_Given data_:
----

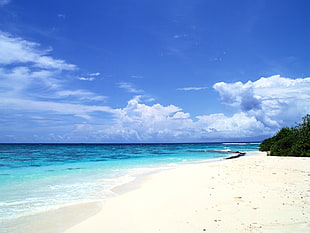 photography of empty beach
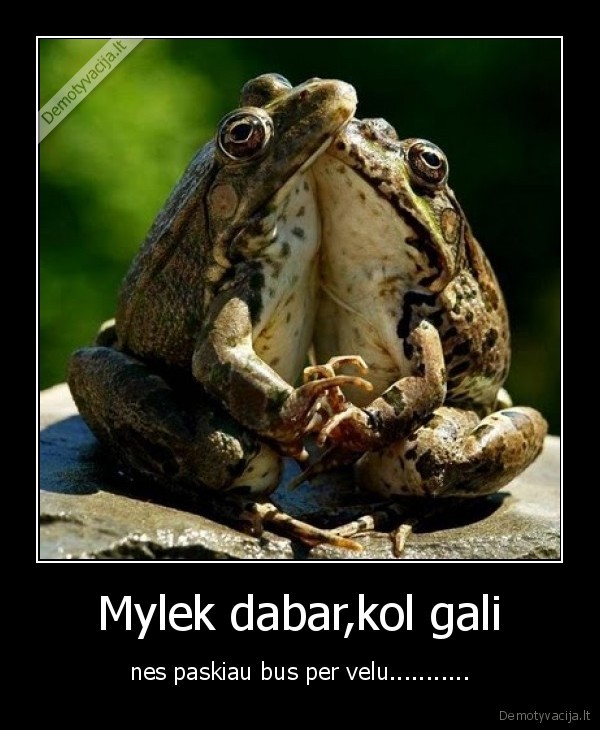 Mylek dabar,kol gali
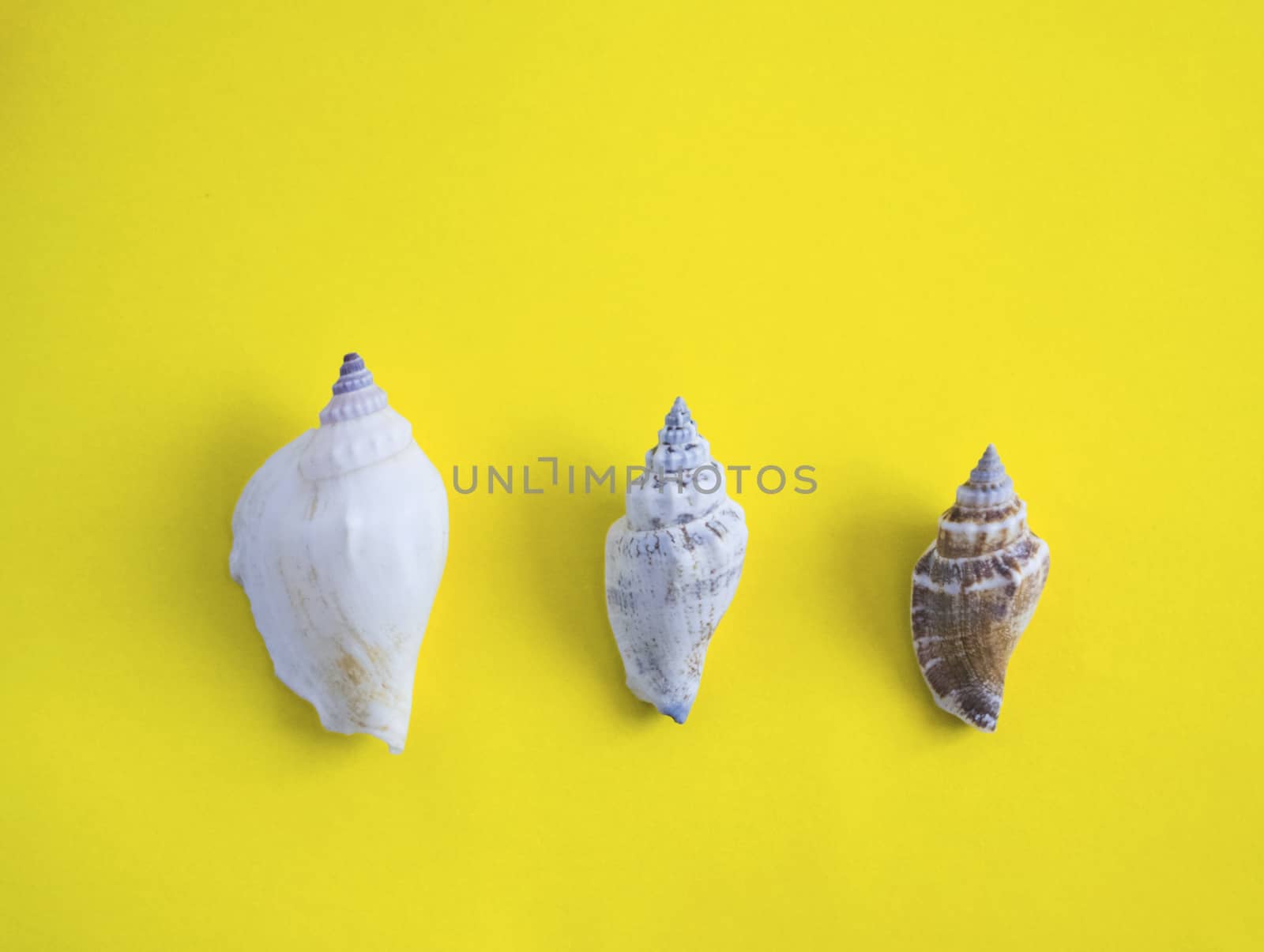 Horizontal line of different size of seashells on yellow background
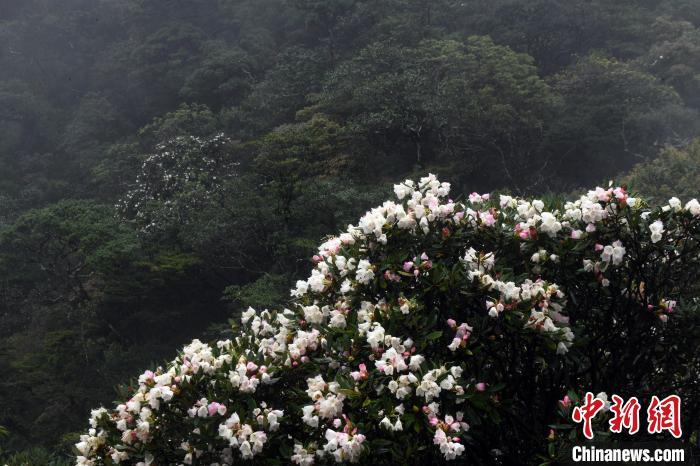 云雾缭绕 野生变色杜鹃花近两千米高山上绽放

----

_About this exercise_: Once the line containing "Mylek dabar,kol gali" has been found, write out exactly that line and each one after it through the end of the data, leaving out every picture.

_Reply_:
 Mylek dabar,kol gali
 Horizontal line of different size of seashells on yellow background
 云雾缭绕 野生变色杜鹃花近两千米高山上绽放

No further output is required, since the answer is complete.